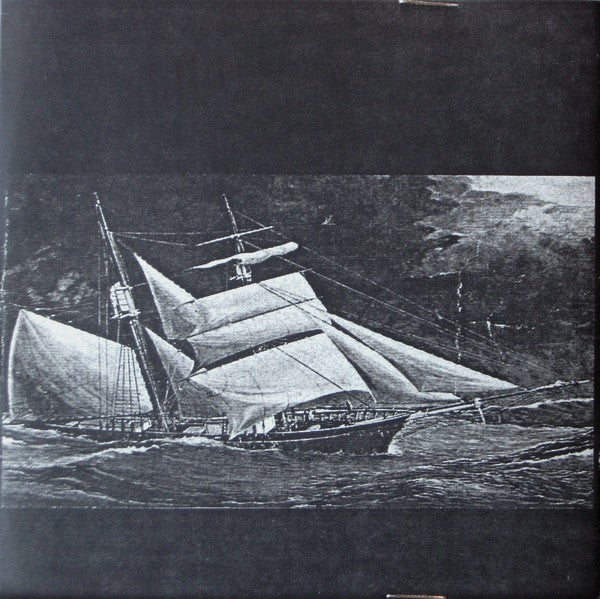 Julia (17) : Julia (CD, Album)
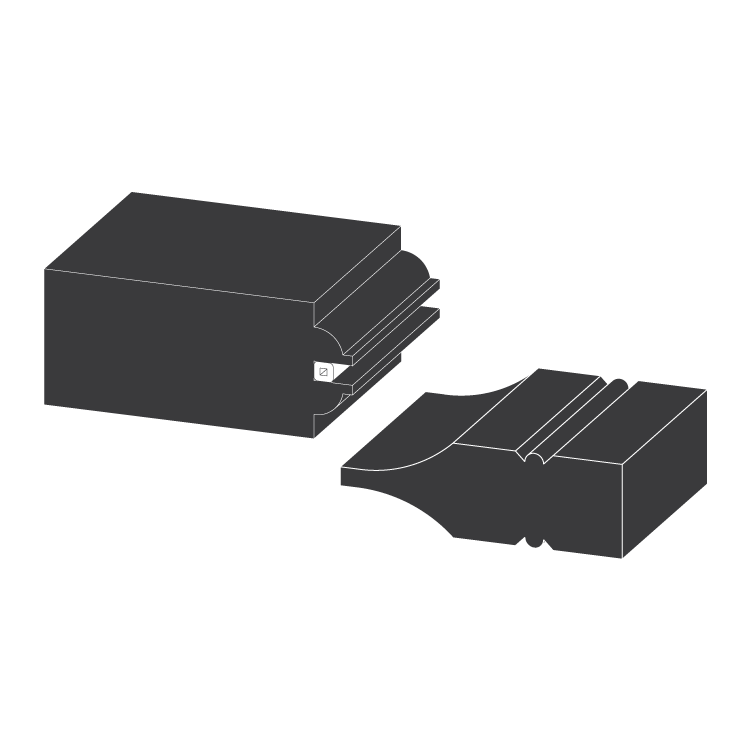 B2B - Image 3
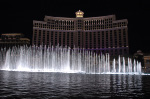 Las Vegas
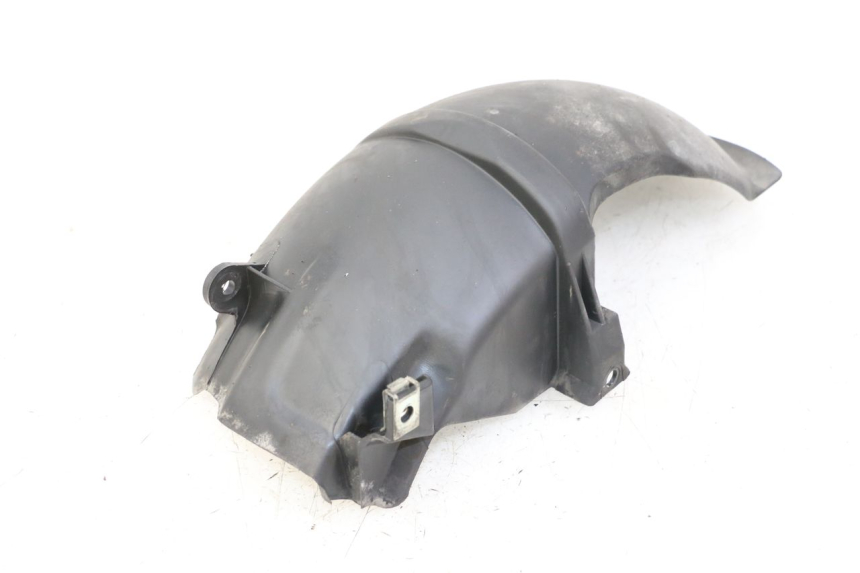 photo de TYLNY BŁOTNIK PIAGGIO VESPA LX IE 125 (2010 - 2012) - Zoom stanu zużycia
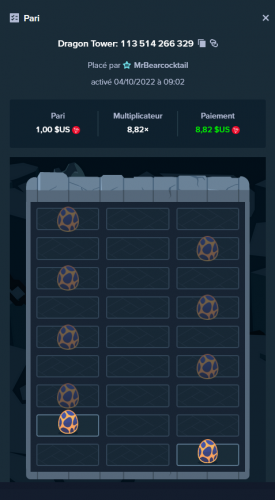 image.thumb.png.4a2f0dced2cf334a7603f6634e1291e5.png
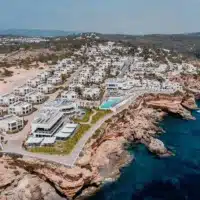 7Pines Resort Ibiza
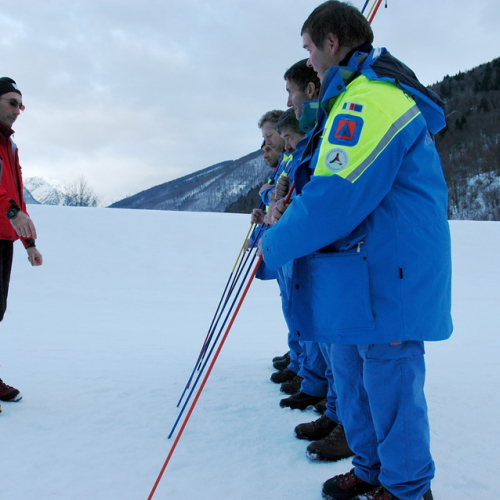 Claut 24-25/01 n. 27 / 34576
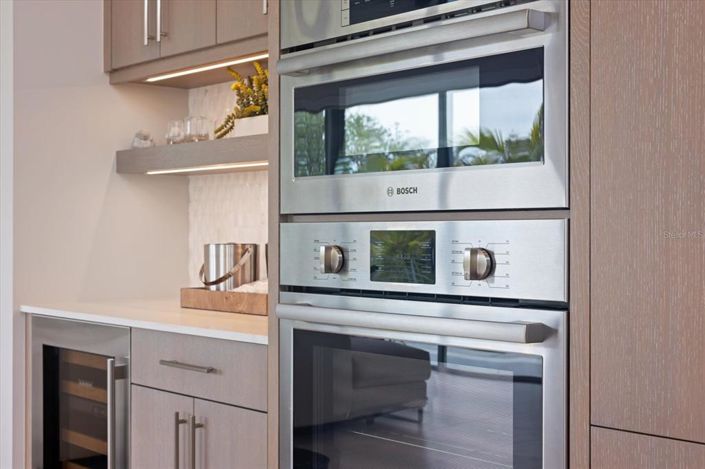 Image No.22-3 Bed Property for sale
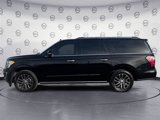Used 2020 Ford Expedition Max Limited image 2
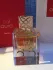 Lattafa Perfumes Aura pic-159360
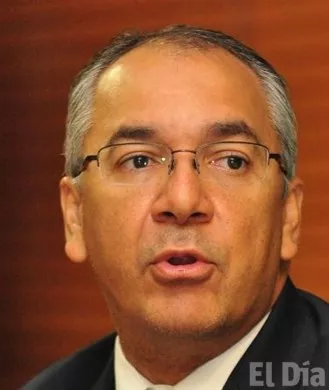 http://eldia.com.do/image/article/27/460×390/0/158335A2-30C3-4496-9461-38B76F90FF2A.jpeg
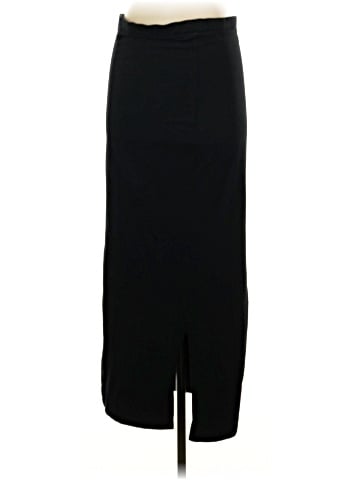 Volcom Formal Skirt (view 2)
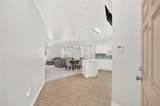 7958 49TH Way - Photo 5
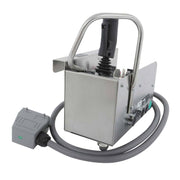 DURAFORCE Control Box Assembly 400091 For Skyjack SJ-600 Series SJ7135RT SJ7027RT SJ7127RT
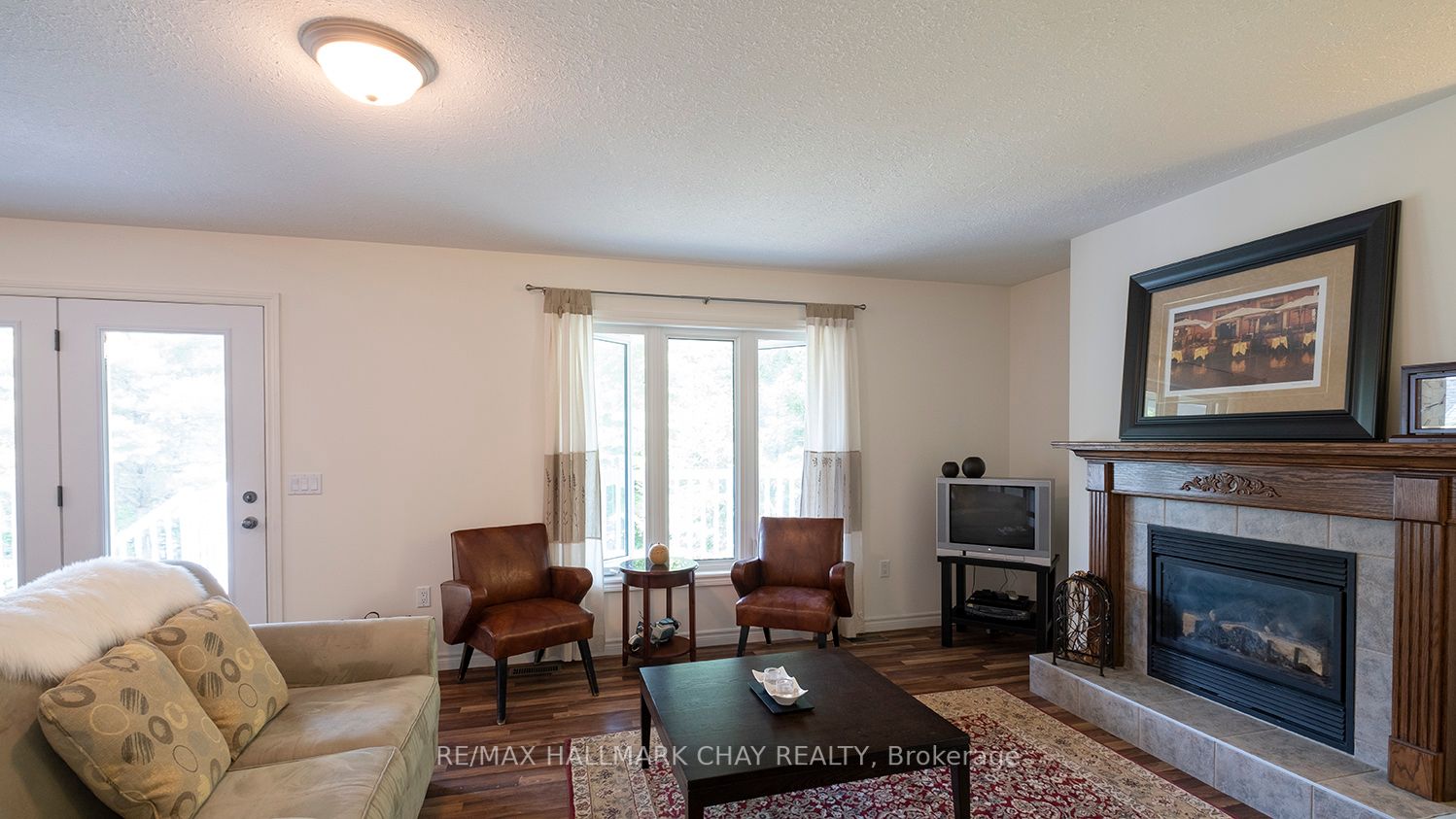 179 Westpoint Sands Rd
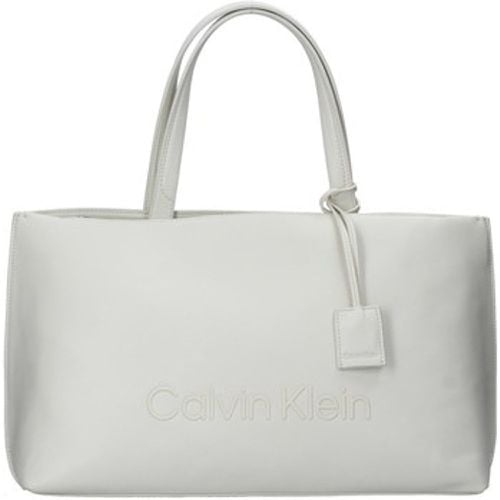 Umhängetaschen K60K610172 - Calvin Klein Jeans - Modalova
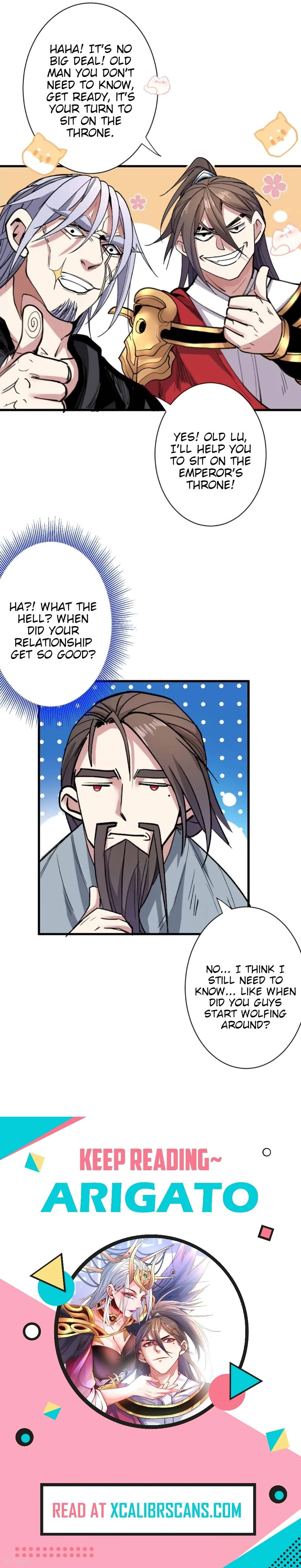 Chapter 31 - Image 7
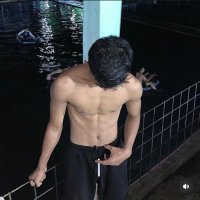 M Aditya (@kodittttttt) 's Twitter Profile
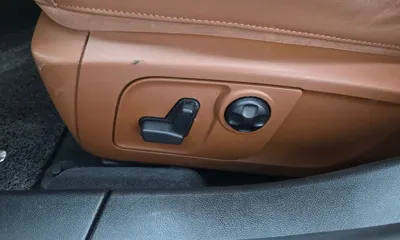 Maserati Ghibli 2017, 18302 км, за 27700000 KRW - фото 31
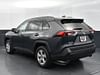 3 thumbnail image of  2020 Toyota RAV4 XLE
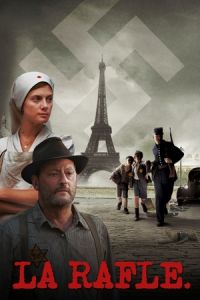 La Rafle (La rafle)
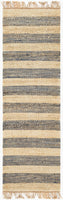 2'6" x 8' Runner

== == ==

What needs to be done:
Once the line containing "7958 49TH Way - Photo 5" has been found, write out exactly that line and each one after it through the end of the data, leaving out every picture.

Solution to this problem:
 7958 49TH Way - Photo 5
 DURAFORCE Control Box Assembly 400091 For Skyjack SJ-600 Series SJ7135RT SJ7027RT SJ7127RT
 179 Westpoint Sands Rd
 Umhängetaschen K60K610172 - Calvin Klein Jeans - Modalova
 Chapter 31 - Image 7
 M Aditya (@kodittttttt) 's Twitter Profile
 Maserati Ghibli 2017, 18302 км, за 27700000 KRW - фото 31
 3 thumbnail image of  2020 Toyota RAV4 XLE
 La Rafle (La rafle)
 2'6" x 8' Runner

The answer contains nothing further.